Tradisi halal bihalal merupakan acara pertemuan yang digelar untuk bersilaturahmi dan saling bermaaf-maafan.

Liputan6.com, Jakarta Kata halal bihalal sudah tak asing lagi di telinga masyarakat Indonesia. Biasanya, halal bihalal dilakukan usai perayaan Hari Raya Idul Fitri.

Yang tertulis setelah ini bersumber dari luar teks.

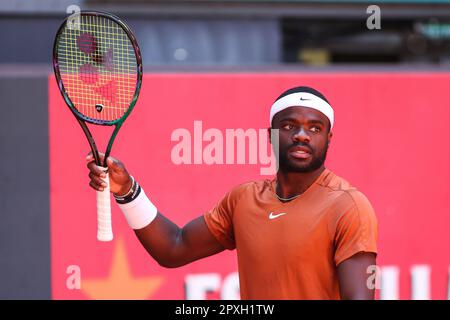 Frances Tiafoe des Etats-Unis en action contre Pedro Cachin de l'Argentine pendant l'Open de Mutua Madrid 2023, Masters 1000 tournoi de tennis sur 1 mai 2023 à Caja Magica à Madrid, Espagne - photo: Irina R Hipolito/DPPI/LiveMedia Banque D'Images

Meski menjadi tradisi yang selalu dilakukan umat Muslim di tanah air, namun masih banyak orang yang tidak mengetahui makna halal bihalal.

Tradisi halal bihalal merupakan acara pertemuan yang digelar untuk bersilaturahmi dan saling bermaaf-maafan. Acara ini sangat melekat dan sudah menjadi tradisi tahunan bagi masyarakat Indonesia.

Halal bihalal ini biasanya dilakukan oleh para pekerja maupun pelajar. Supaya tidak salah mengartikan, sangat penting mengetahui makna halal bihalal. Selain itu, perlu juga memahami sejarah dari tradisi halal bihalal.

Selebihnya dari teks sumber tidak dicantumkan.